Se asomaron por la ventana y empezaron a actuar sorprendidos. Señalaban el exterior y gritaban y se reían. Los zapatos son muy astutos, también son muy buenos. Son buenas personas. Solo yo puedo ignorarlos, atrás mío algo se mueve. Se escurre, como dicen.

Va haciendo un sonido lento. Y llega hasta la ventana. Arrastrada. La canción llega arrastrada hasta la ventana. Se deja ayudar por los zapatos, que usan corbatín para presentarse como personas correctas, pero ellos son buenas personas, no correctas. Por eso me gusta ese hombre, el de esos zapatos, que ahora se apodera de la canción y la canta, muy mal, muy feo, pero la canta.

“Desde adentro, podemos ver afuera” dijo el hombre con una voz no muy grave, pero sí un poco torpe “Extraña, extraña” decía mientras sus zapatos veían por la ventana. Entonces yo tenía que decir algo porque me hablaba a mí, veía por la ventana y hablaba. “¿Qué hacés, desconocido?” le dije. Yo también veía hacia afuera.

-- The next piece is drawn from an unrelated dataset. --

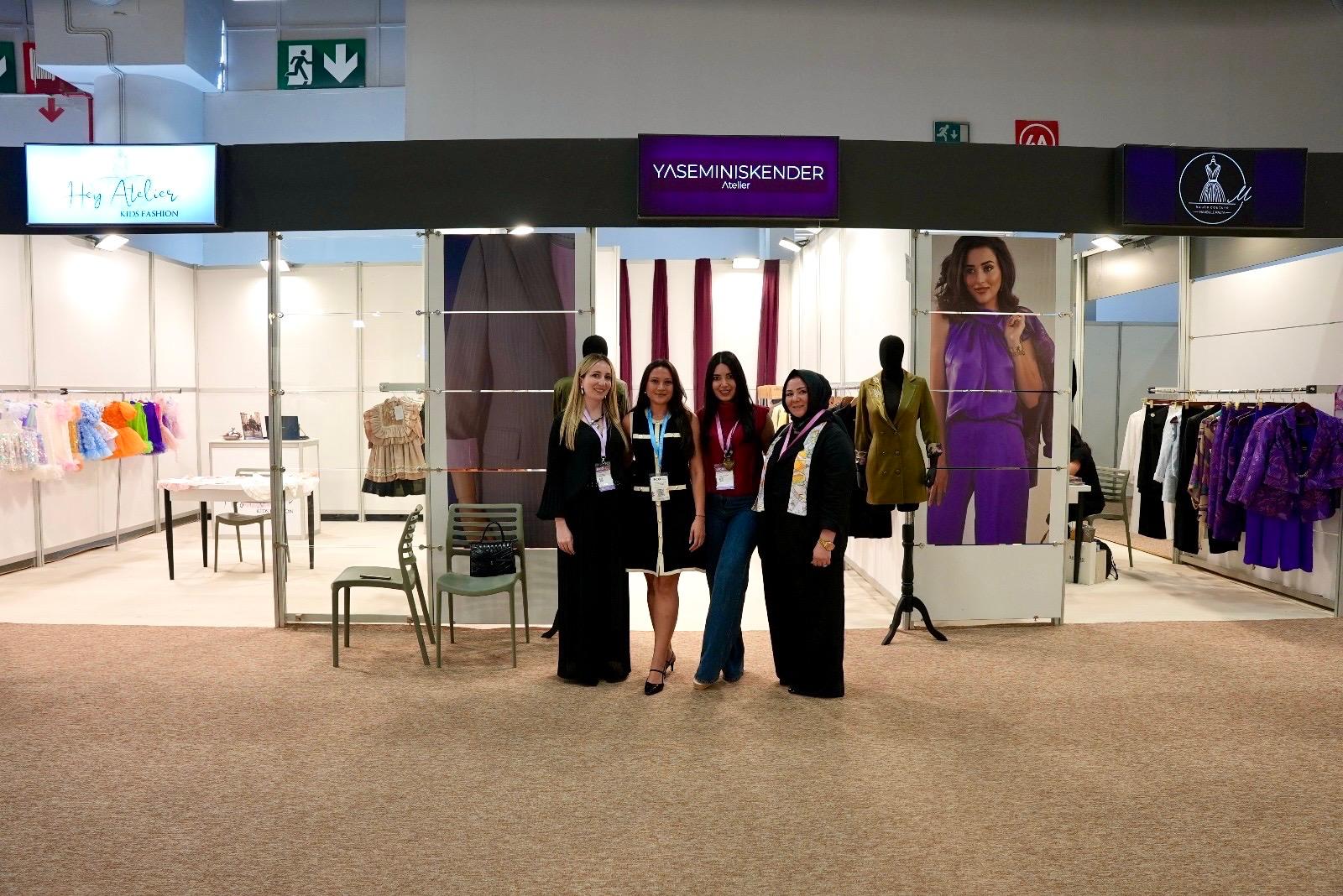 I M G 20250822 W A0004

El ojo de la televisión parpadeaba. Se mecía como un árbol negro. “Es Julio” dijo con su voz. Casi lo pude ver. Me estiré un poco. Rocé las patas de la cama con mis dedos. Luego las toqué. Pasé mi mano por el suelo, poco a poco encontré mi cuerpo. Mis piernas, mi cintura blanqueada por los meses. “También tu mano, que me interesa tanto” dijo con su voz, que puedo hacer mía, como oyen. Me levanté. Lo veía de pie junto a la ventana, subido en una pequeña silla, que se veía vacía, como se ven más lindas.

“¿Ya se va?” le dije. “¿Ya te vas?” me corrigió. Con los ojos cerrados, como hace cuando habla. “Tené paciencia” le dije. “Sí… Protegeme” me dijo. “¿De qué?” pregunté. Esperé unos minutos. Esperé algunos mediodías. “¿De qué?” pregunté.

Los zapatos quedaron vacíos a eso de las tres de la tarde. Cuando el sol comienza a bajar y entra más estática a la televisión. Hace calor, por dicha las ventanas se abren solas. El televisor se mece como un árbol negro y desvelado.